Since the end of World War II, the US has extended its imperialist tentacles all over the world, taking up the role of global capitalist hegemon. Decades of growth from 1945 until the 1970s allowed the US to dominate the world economically and militarily, forging alliances with European imperialist countries which were in no position to compete with the United States in any significant way. However, after massive industrial outsourcing and free trade agreements of the 1990s, the Trump-Vance administration is bringing an end to the era of cooperation with the EU and is set on restoring the balance of power to get the US out of the ‘bad deals’ that it claims have led to its economic haemorrhaging and industrial stagnation. Trump’s way forward is the implementation of his new ‘reciprocal tariff plan’, which will mean that the US can slap levies onto countries at the same rate at which they have tariffs imposed on US imports. This dismissal of World Trade Organisation agreements is another nail in the coffin of the longstanding international law of treaties. 

The Republican administration has already descended into a scramble to cut deals, claim new territory, assert control over global resources and demolish international law. This is indicative of a longer trend.

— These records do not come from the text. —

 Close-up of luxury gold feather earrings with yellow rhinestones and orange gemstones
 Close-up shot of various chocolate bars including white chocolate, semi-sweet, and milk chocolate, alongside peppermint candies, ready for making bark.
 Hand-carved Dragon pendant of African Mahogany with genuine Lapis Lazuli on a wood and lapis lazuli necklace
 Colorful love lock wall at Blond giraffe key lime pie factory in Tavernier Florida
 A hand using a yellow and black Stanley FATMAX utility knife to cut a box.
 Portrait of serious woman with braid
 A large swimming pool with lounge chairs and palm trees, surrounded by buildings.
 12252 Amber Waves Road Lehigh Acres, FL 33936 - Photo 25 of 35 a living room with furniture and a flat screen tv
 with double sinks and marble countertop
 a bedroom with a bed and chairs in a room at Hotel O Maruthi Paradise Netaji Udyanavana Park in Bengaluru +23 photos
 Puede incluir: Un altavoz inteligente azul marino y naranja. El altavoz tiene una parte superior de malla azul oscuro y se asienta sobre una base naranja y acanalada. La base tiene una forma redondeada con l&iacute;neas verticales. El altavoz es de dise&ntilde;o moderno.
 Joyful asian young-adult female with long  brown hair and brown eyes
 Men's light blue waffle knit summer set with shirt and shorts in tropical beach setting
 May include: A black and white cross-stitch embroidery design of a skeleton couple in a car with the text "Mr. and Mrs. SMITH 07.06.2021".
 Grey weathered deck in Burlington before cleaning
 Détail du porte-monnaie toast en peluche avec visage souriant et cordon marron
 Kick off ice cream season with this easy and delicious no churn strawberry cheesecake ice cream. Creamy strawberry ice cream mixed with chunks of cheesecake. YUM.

The constant, violent redivision and redistribution of resources, land, economic and military power is the inevitable reality of imperialism, which will leave millions of casualties in its wake. 

US imperialism shifts its tactics in Ukraine

A squabble on national television between President Donald Trump, Vice President JD Vance and Ukrainian President Volodymyr Zelensky on 28 February was a window into the new administration’s strategic shift in relation to the EU and Russia. Up till now, the US has been militarily subsidising the EU through the NATO proxy war in Ukraine in order to counter Russia’s influence over the resource rich country. Trump and Vance have made it abundantly clear that the current situation is a lose-lose deal for the US. Ukraine joining NATO would further bolster unity and strength among the EU countries, benefiting the European imperialist states which already pose an economic threat to the US. Instead of pouring money into what Trump sees as a losing battle, both militarily and economically, he is pushing to force Zelensky’s hand and secure a ceasefire between Russia and Ukraine. Trump’s aim in this is to land development deals within Ukraine, gaining access to the ‘breadbasket of the world’, whilst simultaneously cosying up to Russian markets without the constraints of EU sanctions and regulations. The US will also be able to more effectively impede EU access to the abundant agricultural and mineral resources that Ukraine holds, which is crucial in the US’s plan to forge division and stagnation among imperialist European countries. 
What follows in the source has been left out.